Pada kluster pemenuhan hak kesehatan menjadi tanggung jawab dinas kesehatan. Salah satu terobosan Dinas Kesehatan Banda Aceh adalah pengoperasian rumah gizi gampong dan puskesmas ramah anak. Sementara itu, dunia usaha juga mulai terlibat dalam pembangunan kota layak anak dengan menyediakan ruang bermain bagi anak.
Baca juga: Bayu Satria, Memperjuang Hak Anak Aceh
”Kota layak anak bukan berarti tidak ada kasus kekerasan.
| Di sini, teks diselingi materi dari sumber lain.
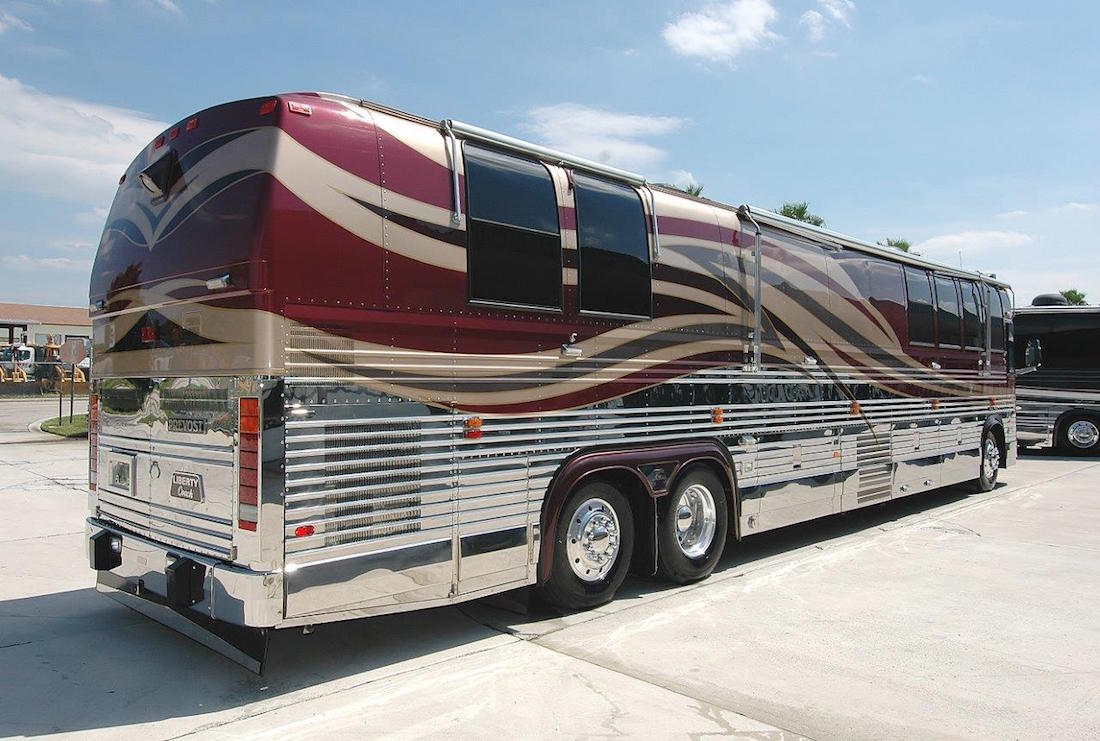 2000 Prevost Liberty XL For Sale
Namun, kesadaran warga untuk melapor tinggi dan kemampuan pemerintah menangani juga semakin baik,” kata Cut.
Ketua Dewan Perwakilan Rakyat Kota Banda Aceh Farid Nyak Umar menuturkan, kota layak anak merupakan pembangunan berkelanjutan yang dilakukan secara bertahap dan tidak boleh berhenti.
Tahun 2021, DPR Kota Banda Aceh melahirkan Qanun/Perda Nomor 2/2021 tentang Banda Aceh sebagai Kota Layak Anak. Dalam musyawarah pembangunan tingkat desa dan kota mulai dilibatkan perwakilan anak.
”Kami juga mengawasi kerja eksekutif untuk memastikan layanan publik di semua sektor harus memenuhi indikator ramah terhadap anak,” ujar Farid.
Meski telah menjadi KLA kategori nindya, berbagai persoalan masih menimpa anak-anak, seperti perundungan, pelecehan seksual, dan eksploitasi ekonomi. Sejak Januari-Juli 2023 terjadi 37 kasus kekerasan terhadap anak di Banda Aceh.
Direktur Flower Aceh Riswati mengatakan, anugerah KLA kategori nindya harus diapresiasi. Namun, di sisi lain tugas pemerintah semakin besar karena harus mempertahankan dan berjuang untuk meraih level KLA yang lebih tinggi.
Riswati mengatakan, di Banda Aceh kasus kekerasan terhadap anak masih terjadi karena pencegahan masih lemah. Dia berharap upaya pencegahan diperkuat dengan cara sosialisasi dan penegakan hukum yang tegas.